By Li Gu and Casey Hall
SHANGHAI (Reuters) – A slew of smaller Chinese gaming companies have announced share buybacks – plans seen as an attempt to reassure investors after the market was spooked by regulatory moves to clamp down on consumer spending on games.
Last Friday, regulators published draft rules that would ban online games from giving players rewards if they log in every day, if they spend on a game for the first time or if they spend several times on a game consecutively. All are common incentive mechanisms in online games.
That sent shares in gaming companies plunging and as of Monday evening eight companies had unveiled plans to buy back shares worth up to 780 million yuan ($110 million) combined, citing confidence in China’s gaming industry and the need to protect investors.
The buyback announcements come on the heels of an apparent softening in stance by China’s video game regulator – the National Press and Publication Administration – which released a statement on Saturday saying the government would further improve the proposed rules after “earnestly studying” public views.
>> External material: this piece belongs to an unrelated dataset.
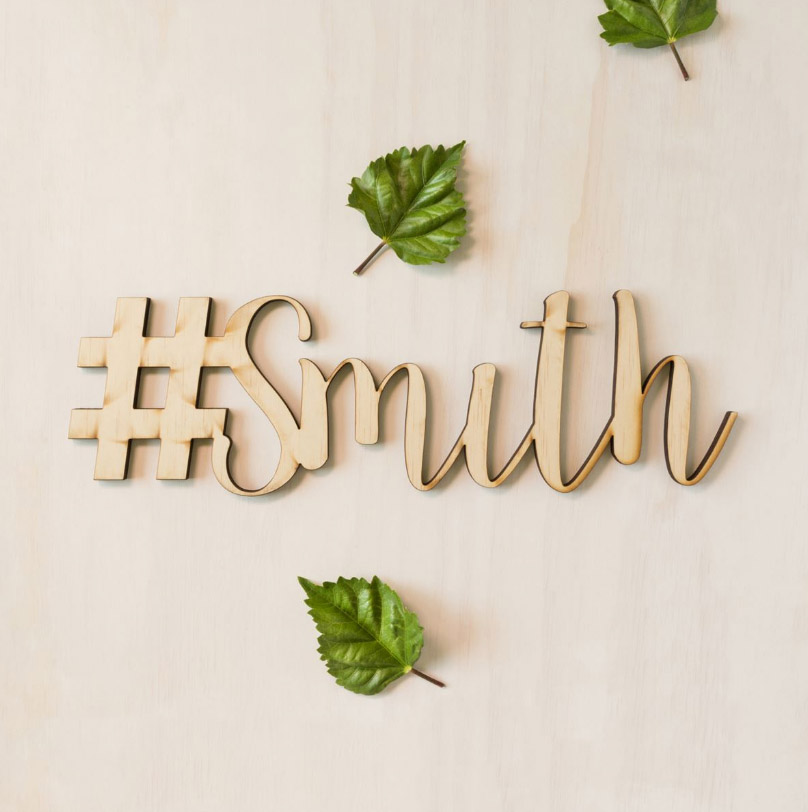 wedding hashtag sign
And on Monday, it approved new licenses for 105 domestic online games for December – a move that some analysts said “strongly demonstrated” that authorities remain supportive of the development of online games.
The plans for buybacks served at best to stabilise share prices.
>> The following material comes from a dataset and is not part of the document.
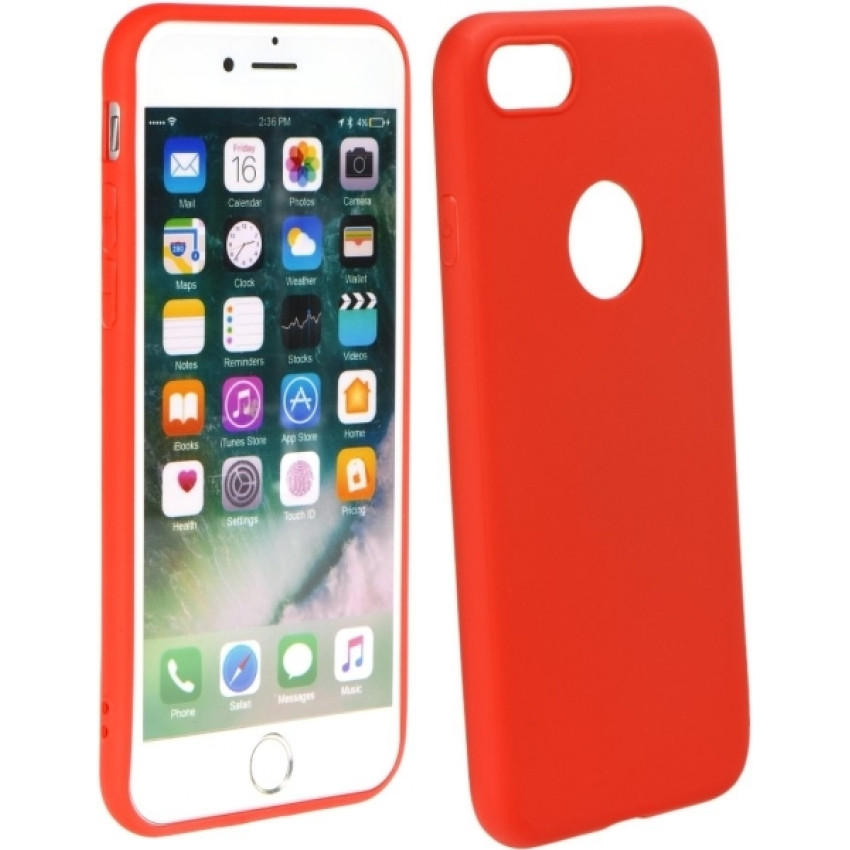 Θήκη Πλάτης Σιλικόνης Απλή για Iphone 5/5S/5C - Χρώμα: Κόκκινο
Among them, Shanghai-listed G-bits Network Technology Xiamen saw its shares rise 3% by Tuesday afternoon after losing 13% over the previous two trading days. Shenzhen-listed Perfect World Co fell roughly 2% after tumbling 14% over the past two days.
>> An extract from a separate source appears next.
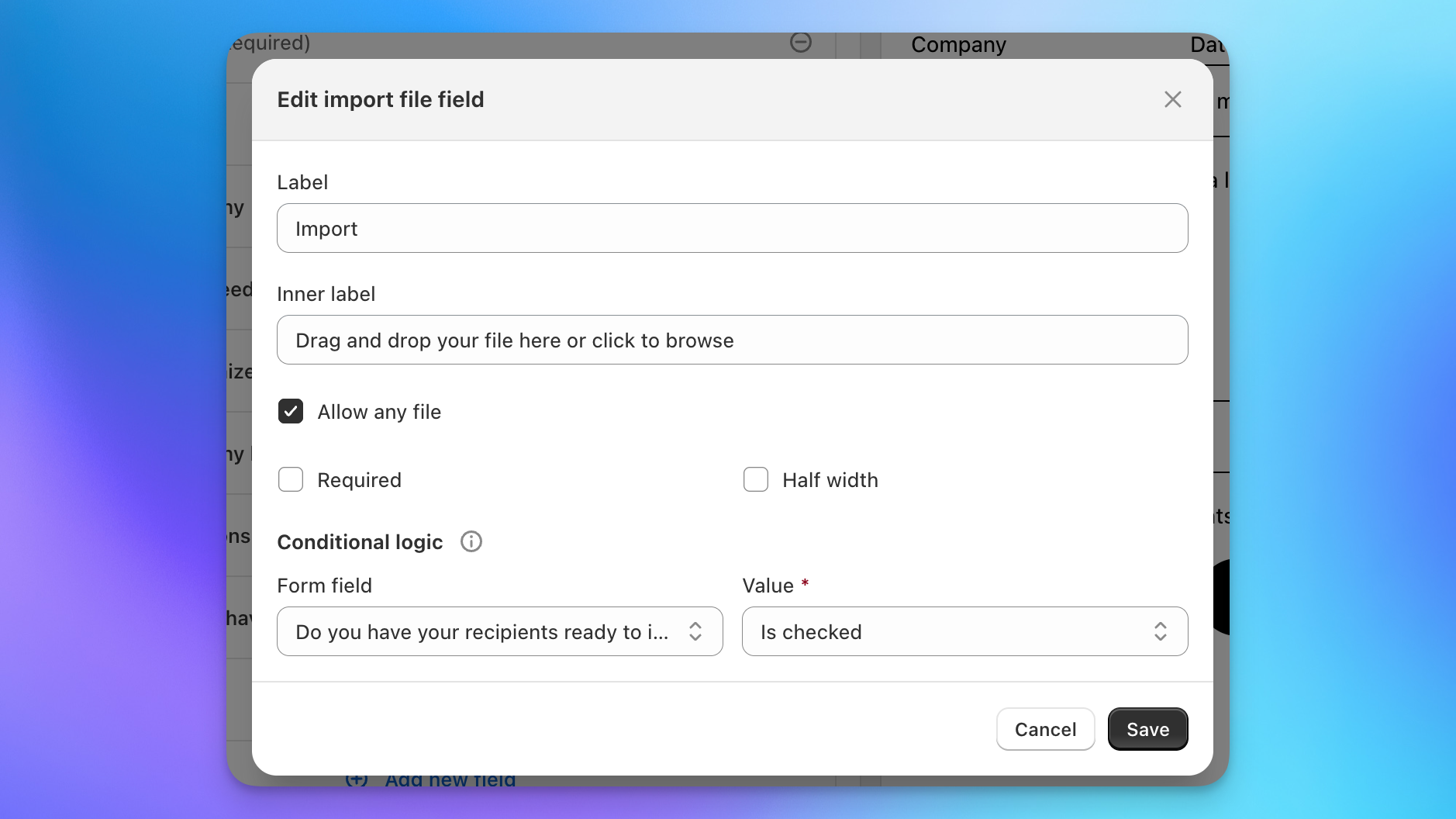 Send To Many import file field settings for recipient spreadsheet uploads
The publication of the draft rules sparked fears that regulators were once again cracking down heavily on the sector. The industry has only just returned to growth this year following the end of an extended clampdown in 2021 and 2022.
It remains to be seen how shares of Tencent Holdings, the world’s biggest gaming company and its closest rival, NetEase, will fare this week after the apparent softening in stance from the regulator.
The two Hong Kong-listed firms lost a combined $80 billion in market value on Friday. Hong Kong markets have been shut for the Christmas long weekend and will reopen on Wednesday.